Thursday marks a year to the day that the PGA Tour and Saudi-backed LIV announced they would try and merge in news that shook the sport to its core.
Progress since then has been slow but according to The New York Times, key figures from both sides are now set to meet in New York on Friday. The report says that ‘both sides caution that a breakthrough is far from imminent.’
Woods is expected to be joined by John Henry, the Liverpool FC and Boston Red Sox owner who is on the PGA Tour’s transaction committee.
The Times says Rory McIlroy, one of LIV’s most vociferous critics before the merger news came out, will be joining the call remotely as he is playing in the Memorial Tournament at Muirfield. McIlroy tees off for his second round at 9:55am local time.
Tiger Woods is reportedly attending a New York meeting between PGA Tour and LIV on Friday
Woods, a member of the PGA Tour policy board, recently hosted a meeting with PGA Tour commissioner Jay Monahan and Yasir Al-Rumayyan – the governor of PIF, which funds LIV, in the Bahamas.
Adam Scott, another PGA Tour player director, said earlier this week that talks between the PGA and LIV would advance soon.
‘I think the PGA Tour has a vision of what it wants to look like 12, 18 (months) and then going forward, five, 10 and 20, you know, or at least 10 years down the line, let’s say, and what it should evolve into,’ he said to Golfweek.
‘But at the moment there’s another party that they’re negotiating with that has to believe in that vision as well, and I don’t know exactly what their vision is.
‘I think we are getting there, for sure. Eventually someone is going to have to put it out exactly what it is, and I think that will happen very soon. You have to break the ice, kind of, and someone has to show a hand. It’s got to happen soon. It’s moving along as quickly as it can.’
Last month, McIlroy admitted he is ‘concerned’ that the merger talks are heading for the rocks.
The world No 2 has transformed into a strong advocate for Saudi investment as a means of ending the hostilities with LIV.
Rory McIlroy admitted last month that he fears the merger talks are ‘on the rocks’
The doubt comes from Jimmy Dunne’s resignation after orchestrating the merger last year
But following the resignation from the Tour’s policy board of Jimmy Dunne, the investment banker who had orchestrated last year’s framework agreement between the warring parties, McIlroy’s hopes of seeing a unified game seem to have plummeted.

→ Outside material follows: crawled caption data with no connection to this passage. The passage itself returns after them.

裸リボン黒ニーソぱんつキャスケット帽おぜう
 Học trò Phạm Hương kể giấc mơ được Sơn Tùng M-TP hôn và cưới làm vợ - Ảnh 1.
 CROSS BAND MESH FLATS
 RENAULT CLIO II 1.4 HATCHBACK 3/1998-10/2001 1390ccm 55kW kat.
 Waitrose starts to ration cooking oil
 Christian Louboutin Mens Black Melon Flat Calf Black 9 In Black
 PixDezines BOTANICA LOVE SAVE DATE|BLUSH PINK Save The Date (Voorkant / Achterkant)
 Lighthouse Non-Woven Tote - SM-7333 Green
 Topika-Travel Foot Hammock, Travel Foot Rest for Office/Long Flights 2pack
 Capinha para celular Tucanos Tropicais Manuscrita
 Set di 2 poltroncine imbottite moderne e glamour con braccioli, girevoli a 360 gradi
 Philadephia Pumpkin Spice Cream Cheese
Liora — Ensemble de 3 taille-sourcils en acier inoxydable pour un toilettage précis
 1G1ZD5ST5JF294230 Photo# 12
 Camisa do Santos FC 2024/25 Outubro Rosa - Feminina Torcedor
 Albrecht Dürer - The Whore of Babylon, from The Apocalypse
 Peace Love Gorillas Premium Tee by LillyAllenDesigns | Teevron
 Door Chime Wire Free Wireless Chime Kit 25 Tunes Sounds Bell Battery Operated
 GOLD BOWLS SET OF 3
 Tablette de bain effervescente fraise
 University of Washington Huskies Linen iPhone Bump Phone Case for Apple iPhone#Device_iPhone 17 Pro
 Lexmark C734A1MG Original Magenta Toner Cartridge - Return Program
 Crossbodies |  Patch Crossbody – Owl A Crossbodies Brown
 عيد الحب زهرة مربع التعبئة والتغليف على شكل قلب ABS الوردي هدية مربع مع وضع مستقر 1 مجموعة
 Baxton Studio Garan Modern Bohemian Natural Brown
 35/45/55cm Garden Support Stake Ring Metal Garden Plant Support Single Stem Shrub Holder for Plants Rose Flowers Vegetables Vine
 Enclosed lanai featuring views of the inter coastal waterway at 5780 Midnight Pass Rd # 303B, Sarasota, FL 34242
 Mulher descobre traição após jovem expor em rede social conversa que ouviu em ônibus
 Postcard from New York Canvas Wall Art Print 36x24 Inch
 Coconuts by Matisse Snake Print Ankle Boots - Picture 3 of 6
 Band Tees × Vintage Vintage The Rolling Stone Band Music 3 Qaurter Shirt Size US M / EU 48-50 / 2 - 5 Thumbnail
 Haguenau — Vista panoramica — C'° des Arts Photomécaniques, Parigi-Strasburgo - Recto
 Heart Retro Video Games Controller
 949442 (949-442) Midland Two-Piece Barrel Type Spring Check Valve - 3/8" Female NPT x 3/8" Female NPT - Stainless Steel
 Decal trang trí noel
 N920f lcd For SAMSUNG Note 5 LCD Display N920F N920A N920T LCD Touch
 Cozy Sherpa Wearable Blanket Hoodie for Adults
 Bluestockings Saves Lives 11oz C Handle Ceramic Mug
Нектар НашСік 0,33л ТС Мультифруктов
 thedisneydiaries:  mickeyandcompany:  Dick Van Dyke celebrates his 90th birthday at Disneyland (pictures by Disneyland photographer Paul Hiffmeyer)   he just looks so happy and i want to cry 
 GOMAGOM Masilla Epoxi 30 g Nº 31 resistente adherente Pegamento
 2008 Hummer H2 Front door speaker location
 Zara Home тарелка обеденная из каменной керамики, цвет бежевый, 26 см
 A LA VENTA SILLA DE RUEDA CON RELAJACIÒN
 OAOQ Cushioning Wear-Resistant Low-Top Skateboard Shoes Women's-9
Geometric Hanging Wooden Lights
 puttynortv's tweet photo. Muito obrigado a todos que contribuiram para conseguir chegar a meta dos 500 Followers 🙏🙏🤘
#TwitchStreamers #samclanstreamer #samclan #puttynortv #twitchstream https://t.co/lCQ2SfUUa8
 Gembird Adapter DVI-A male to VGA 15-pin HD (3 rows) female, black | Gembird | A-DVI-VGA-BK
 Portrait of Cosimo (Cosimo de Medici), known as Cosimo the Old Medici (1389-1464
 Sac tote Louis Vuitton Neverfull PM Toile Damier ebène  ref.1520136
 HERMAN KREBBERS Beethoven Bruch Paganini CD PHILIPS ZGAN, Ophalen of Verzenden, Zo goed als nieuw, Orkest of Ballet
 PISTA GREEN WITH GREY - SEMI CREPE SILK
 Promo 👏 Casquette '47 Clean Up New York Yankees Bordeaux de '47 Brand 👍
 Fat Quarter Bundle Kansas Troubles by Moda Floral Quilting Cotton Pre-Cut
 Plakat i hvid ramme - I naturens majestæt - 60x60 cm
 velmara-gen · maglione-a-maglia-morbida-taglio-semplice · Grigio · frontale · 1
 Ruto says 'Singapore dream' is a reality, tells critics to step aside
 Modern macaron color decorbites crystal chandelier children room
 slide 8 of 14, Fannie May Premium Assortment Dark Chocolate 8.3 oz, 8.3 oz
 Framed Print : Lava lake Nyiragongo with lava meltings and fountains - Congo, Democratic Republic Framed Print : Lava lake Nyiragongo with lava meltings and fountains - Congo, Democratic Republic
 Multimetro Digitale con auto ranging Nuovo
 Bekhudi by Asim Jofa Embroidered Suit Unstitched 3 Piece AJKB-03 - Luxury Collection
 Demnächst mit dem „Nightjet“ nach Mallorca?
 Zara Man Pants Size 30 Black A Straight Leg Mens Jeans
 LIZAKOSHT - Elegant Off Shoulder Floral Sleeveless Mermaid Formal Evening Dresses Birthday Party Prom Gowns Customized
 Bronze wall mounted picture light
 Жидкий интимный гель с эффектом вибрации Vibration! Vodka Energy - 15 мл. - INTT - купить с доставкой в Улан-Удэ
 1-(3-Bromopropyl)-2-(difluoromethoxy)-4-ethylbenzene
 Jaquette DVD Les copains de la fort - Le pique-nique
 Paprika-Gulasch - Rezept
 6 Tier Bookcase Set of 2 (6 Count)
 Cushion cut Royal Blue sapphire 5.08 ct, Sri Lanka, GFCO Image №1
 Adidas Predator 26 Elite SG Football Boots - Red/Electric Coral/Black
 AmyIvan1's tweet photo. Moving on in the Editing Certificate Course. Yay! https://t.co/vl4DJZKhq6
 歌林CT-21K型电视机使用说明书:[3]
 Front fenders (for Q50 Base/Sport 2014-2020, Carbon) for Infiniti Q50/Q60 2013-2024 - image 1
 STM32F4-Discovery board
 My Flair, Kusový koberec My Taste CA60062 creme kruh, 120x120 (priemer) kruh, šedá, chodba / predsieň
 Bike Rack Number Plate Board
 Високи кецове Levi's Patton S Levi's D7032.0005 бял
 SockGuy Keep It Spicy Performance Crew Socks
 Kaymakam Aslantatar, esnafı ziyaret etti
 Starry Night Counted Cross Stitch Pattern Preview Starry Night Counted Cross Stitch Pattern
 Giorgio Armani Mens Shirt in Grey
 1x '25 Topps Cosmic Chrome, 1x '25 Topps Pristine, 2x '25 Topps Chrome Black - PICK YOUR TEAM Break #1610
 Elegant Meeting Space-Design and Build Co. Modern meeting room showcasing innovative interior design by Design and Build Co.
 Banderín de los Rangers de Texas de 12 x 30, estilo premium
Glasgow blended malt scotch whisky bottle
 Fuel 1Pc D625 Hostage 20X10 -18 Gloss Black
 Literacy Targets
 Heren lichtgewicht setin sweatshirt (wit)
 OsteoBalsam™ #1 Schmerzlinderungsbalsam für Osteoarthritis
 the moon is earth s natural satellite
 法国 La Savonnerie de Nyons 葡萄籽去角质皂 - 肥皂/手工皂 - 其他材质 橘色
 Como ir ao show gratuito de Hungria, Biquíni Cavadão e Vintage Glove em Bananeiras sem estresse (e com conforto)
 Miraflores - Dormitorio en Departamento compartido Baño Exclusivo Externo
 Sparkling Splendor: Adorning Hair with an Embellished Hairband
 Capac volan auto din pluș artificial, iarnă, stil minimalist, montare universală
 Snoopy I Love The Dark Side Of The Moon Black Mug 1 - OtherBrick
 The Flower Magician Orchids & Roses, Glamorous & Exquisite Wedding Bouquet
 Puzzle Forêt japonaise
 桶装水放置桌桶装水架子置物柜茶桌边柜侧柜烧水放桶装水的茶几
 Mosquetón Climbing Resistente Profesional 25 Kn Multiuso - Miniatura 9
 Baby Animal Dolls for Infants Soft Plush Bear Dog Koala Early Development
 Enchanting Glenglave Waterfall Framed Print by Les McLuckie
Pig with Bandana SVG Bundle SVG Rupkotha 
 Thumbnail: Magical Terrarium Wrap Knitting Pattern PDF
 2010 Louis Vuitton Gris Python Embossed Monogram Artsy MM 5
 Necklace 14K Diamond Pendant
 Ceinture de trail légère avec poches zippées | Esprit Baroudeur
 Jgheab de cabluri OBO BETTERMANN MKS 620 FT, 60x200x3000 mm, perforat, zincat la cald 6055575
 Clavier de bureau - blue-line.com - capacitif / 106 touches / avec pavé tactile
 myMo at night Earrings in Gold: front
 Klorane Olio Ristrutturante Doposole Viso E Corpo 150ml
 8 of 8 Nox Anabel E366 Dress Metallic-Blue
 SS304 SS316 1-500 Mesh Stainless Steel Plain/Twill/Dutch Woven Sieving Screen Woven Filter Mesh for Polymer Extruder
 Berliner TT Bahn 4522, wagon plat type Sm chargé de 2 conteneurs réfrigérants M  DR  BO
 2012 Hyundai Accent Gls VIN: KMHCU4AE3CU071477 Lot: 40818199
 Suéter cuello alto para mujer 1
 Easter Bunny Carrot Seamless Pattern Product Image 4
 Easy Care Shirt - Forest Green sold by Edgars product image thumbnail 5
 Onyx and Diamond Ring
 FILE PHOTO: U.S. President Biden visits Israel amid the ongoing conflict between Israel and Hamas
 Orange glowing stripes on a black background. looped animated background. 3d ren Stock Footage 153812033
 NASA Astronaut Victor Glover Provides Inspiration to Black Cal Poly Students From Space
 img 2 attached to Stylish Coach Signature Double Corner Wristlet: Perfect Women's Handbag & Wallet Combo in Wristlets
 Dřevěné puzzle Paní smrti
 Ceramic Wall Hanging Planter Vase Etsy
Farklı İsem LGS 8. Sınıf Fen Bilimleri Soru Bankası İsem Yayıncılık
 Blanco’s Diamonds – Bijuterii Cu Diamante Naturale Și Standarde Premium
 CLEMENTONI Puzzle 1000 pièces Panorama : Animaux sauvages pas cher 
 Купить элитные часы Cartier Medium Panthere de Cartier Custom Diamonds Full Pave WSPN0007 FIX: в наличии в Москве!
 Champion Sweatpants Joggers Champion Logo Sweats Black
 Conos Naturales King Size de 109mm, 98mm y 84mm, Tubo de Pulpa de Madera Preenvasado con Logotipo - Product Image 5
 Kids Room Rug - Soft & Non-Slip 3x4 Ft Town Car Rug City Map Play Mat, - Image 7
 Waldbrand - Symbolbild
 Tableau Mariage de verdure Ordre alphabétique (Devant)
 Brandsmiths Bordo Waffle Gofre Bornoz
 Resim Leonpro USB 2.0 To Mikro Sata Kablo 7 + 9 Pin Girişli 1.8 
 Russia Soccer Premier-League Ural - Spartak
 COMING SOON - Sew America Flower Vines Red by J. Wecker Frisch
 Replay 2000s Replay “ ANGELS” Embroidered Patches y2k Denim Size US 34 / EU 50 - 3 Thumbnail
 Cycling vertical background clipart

Dunne chose to stand down because ‘no meaningful progress’ had been made despite almost a year of negotiations, while also inferring that too much power had been placed in the hands of a select group of player directors, including Woods, Jordan Spieth and Patrick Cantlay.
Speaking ahead of the US PGA Championship, McIlroy said: ‘Honestly I think it’s a huge loss for the PGA Tour (that Dunne is leaving the process), if they are trying to get this deal done with the PIF.
‘Jimmy was basically “the” relationship, the sort of conduit between the Tour and PIF. It’s been really unfortunate that he has not been involved for the last few months, and I think part of the reason that everything is stalling at the minute is because of that.
‘So it is really, really disappointing, and you know, I think the Tour is in a worse place because of it. We’ll see where it goes from here and we’ll see what happens.
‘But you know, I would say my confidence level on something getting done before last week was as low as it had been and then with this news of Jimmy resigning and knowing the relationship he has with the other side, and how much warmth there is from the other side, it’s concerning.’